Collected data
_ _ _ _
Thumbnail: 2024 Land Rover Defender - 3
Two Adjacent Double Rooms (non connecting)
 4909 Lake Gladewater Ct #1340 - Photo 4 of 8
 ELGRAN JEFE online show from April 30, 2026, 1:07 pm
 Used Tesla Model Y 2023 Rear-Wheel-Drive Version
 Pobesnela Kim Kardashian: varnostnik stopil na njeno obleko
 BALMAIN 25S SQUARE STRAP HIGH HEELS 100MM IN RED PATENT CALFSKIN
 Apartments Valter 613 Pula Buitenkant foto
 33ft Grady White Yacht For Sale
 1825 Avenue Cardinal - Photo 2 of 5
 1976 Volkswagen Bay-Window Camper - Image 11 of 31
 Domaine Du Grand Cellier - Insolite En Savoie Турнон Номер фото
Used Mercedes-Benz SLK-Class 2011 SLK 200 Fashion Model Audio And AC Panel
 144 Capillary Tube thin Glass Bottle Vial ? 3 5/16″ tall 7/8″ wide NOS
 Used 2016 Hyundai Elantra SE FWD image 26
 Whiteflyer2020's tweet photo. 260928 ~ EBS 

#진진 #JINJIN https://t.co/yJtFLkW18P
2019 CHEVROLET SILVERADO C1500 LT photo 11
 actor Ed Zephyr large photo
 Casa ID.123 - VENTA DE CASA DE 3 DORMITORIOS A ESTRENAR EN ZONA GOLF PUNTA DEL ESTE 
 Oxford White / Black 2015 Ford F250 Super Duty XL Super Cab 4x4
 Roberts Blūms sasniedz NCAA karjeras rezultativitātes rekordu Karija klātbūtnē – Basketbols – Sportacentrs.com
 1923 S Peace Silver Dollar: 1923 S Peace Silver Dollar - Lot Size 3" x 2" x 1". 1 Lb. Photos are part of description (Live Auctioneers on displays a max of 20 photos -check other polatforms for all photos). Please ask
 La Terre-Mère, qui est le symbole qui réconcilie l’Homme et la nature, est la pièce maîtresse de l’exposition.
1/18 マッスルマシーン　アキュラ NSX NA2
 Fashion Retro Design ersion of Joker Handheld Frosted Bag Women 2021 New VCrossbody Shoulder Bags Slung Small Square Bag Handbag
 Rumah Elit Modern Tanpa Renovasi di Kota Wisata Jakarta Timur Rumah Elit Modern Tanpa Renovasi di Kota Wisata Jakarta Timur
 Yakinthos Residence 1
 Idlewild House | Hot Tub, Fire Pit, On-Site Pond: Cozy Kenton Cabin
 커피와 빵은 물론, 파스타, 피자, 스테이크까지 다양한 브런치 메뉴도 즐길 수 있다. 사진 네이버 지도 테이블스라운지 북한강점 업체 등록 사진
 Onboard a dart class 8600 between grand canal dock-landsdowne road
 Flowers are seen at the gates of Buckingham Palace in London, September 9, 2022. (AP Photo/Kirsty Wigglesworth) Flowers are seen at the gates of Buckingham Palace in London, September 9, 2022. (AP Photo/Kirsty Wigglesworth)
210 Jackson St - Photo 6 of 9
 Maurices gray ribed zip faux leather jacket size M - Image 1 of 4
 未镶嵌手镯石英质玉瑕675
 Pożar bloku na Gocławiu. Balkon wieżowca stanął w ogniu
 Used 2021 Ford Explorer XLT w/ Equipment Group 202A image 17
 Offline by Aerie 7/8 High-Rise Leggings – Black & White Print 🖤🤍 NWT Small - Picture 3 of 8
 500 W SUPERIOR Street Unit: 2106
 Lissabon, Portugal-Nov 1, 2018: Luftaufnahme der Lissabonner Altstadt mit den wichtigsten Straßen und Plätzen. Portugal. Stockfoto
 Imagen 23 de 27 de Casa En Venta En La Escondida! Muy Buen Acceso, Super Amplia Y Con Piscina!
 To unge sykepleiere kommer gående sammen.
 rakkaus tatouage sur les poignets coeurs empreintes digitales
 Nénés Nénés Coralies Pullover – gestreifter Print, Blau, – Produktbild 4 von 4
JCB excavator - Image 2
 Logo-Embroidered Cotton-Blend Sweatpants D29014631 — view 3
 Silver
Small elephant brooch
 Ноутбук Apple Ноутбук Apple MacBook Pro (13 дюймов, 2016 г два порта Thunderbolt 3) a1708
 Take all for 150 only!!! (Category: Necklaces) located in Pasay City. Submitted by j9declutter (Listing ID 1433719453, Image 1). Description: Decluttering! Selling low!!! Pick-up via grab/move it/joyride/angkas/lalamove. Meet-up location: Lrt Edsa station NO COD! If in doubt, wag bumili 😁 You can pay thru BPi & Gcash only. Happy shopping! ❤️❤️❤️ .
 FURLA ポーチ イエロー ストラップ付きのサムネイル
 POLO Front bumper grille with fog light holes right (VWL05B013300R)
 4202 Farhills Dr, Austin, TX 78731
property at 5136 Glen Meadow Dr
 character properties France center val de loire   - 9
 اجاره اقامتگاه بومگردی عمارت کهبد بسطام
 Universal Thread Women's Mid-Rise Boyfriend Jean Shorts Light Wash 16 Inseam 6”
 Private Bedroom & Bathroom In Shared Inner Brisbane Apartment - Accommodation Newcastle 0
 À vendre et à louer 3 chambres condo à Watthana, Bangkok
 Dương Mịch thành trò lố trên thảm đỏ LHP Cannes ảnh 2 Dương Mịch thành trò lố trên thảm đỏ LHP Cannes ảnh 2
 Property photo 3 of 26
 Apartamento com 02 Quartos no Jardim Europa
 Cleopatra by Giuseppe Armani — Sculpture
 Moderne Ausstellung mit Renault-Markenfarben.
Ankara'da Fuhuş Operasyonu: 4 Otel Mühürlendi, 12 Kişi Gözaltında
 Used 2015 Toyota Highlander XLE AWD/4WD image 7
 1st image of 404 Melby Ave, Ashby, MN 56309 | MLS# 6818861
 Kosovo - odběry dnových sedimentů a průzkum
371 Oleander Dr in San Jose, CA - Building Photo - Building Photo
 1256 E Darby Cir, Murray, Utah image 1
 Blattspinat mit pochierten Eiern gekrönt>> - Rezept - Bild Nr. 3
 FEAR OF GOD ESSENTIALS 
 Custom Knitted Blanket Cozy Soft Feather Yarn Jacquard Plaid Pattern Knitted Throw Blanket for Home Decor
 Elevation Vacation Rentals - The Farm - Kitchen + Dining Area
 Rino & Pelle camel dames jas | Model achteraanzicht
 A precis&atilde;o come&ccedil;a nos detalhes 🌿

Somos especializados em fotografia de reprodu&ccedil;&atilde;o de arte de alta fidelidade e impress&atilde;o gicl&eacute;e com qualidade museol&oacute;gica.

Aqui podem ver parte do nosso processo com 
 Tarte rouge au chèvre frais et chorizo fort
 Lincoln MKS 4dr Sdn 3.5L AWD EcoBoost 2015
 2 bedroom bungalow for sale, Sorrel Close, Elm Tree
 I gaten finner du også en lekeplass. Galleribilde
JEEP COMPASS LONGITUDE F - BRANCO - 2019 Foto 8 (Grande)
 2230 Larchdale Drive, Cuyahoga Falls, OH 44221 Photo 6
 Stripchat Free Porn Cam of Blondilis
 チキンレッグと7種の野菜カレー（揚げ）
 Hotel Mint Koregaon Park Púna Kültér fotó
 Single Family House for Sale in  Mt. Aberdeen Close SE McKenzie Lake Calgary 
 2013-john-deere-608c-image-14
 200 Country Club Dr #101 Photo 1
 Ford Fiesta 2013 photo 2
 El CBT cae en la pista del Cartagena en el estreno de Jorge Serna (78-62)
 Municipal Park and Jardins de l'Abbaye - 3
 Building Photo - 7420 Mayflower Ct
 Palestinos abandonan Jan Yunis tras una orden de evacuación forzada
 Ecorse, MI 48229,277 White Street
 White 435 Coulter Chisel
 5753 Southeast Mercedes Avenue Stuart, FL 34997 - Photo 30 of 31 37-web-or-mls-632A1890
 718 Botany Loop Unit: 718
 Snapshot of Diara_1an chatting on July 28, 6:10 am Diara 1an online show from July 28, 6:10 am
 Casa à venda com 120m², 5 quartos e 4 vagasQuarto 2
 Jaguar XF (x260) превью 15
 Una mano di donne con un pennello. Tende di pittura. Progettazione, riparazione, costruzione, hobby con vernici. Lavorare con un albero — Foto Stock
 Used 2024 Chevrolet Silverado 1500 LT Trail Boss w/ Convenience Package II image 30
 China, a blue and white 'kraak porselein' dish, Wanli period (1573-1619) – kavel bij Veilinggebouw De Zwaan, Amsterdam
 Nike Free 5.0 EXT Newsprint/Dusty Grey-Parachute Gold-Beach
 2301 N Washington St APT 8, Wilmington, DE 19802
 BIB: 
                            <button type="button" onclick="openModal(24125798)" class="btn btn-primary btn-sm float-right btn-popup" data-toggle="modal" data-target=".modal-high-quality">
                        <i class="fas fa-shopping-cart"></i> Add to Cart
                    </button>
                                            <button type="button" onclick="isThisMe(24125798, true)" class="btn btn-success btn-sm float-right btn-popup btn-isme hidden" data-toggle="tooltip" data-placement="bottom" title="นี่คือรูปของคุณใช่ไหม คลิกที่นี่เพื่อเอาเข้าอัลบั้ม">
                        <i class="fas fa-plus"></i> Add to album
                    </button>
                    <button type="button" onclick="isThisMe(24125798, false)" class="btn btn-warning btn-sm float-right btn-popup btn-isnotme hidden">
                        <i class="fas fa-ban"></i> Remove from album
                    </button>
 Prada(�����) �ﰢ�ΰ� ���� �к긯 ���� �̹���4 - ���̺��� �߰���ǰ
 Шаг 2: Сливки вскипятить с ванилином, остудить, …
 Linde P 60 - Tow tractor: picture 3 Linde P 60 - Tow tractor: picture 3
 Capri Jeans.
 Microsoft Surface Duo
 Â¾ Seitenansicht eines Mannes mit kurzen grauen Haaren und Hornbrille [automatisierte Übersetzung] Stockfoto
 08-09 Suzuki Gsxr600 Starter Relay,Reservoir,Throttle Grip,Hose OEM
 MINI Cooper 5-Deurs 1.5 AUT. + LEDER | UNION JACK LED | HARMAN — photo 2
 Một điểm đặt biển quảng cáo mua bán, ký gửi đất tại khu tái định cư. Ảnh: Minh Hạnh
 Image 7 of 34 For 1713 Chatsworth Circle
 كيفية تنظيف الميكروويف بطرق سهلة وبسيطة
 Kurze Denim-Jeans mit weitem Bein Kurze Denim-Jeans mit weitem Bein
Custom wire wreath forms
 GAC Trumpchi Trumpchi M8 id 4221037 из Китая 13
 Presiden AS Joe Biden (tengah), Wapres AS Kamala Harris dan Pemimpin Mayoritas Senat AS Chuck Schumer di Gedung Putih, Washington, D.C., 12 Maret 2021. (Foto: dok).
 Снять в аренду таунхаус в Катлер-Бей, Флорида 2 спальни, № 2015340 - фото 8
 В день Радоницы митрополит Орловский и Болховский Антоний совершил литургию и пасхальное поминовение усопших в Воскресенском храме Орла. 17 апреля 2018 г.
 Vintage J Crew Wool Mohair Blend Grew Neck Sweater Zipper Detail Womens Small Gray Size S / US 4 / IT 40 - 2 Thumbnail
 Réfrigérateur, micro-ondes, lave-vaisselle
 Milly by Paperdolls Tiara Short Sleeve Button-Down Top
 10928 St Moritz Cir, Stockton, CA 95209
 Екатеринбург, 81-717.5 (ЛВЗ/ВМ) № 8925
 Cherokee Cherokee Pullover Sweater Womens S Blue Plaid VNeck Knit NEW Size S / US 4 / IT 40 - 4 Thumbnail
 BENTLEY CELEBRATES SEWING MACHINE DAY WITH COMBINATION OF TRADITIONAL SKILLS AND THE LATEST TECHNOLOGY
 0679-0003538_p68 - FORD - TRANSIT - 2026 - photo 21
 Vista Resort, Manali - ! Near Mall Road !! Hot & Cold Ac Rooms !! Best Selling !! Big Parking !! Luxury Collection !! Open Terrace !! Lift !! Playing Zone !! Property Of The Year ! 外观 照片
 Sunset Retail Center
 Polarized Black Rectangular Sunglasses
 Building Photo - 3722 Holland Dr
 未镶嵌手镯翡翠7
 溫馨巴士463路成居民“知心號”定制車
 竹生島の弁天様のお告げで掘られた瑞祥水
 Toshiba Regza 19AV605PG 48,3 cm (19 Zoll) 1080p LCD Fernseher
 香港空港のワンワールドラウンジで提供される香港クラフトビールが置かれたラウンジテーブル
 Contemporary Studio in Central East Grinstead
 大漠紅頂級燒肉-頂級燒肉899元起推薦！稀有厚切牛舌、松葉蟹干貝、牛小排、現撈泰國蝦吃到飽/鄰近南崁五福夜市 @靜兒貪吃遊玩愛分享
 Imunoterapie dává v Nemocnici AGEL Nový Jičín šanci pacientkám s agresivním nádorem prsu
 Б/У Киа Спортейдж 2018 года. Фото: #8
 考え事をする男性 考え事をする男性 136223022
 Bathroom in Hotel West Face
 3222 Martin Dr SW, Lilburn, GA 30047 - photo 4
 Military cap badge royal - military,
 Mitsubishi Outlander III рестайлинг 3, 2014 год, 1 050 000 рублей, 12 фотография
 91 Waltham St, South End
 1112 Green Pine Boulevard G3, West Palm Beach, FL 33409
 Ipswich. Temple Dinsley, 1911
_ _ _ _
Brief: From the first line of the records above down to the line containing "Roberts Blūms sasniedz", repeat each line exactly as written. Include both of those lines and add nothing.

Answer below:
Thumbnail: 2024 Land Rover Defender - 3
Two Adjacent Double Rooms (non connecting)
 4909 Lake Gladewater Ct #1340 - Photo 4 of 8
 ELGRAN JEFE online show from April 30, 2026, 1:07 pm
 Used Tesla Model Y 2023 Rear-Wheel-Drive Version
 Pobesnela Kim Kardashian: varnostnik stopil na njeno obleko
 BALMAIN 25S SQUARE STRAP HIGH HEELS 100MM IN RED PATENT CALFSKIN
 Apartments Valter 613 Pula Buitenkant foto
 33ft Grady White Yacht For Sale
 1825 Avenue Cardinal - Photo 2 of 5
 1976 Volkswagen Bay-Window Camper - Image 11 of 31
 Domaine Du Grand Cellier - Insolite En Savoie Турнон Номер фото
Used Mercedes-Benz SLK-Class 2011 SLK 200 Fashion Model Audio And AC Panel
 144 Capillary Tube thin Glass Bottle Vial ? 3 5/16″ tall 7/8″ wide NOS
 Used 2016 Hyundai Elantra SE FWD image 26
 Whiteflyer2020's tweet photo. 260928 ~ EBS 

#진진 #JINJIN https://t.co/yJtFLkW18P
2019 CHEVROLET SILVERADO C1500 LT photo 11
 actor Ed Zephyr large photo
 Casa ID.123 - VENTA DE CASA DE 3 DORMITORIOS A ESTRENAR EN ZONA GOLF PUNTA DEL ESTE 
 Oxford White / Black 2015 Ford F250 Super Duty XL Super Cab 4x4
 Roberts Blūms sasniedz NCAA karjeras rezultativitātes rekordu Karija klātbūtnē – Basketbols – Sportacentrs.com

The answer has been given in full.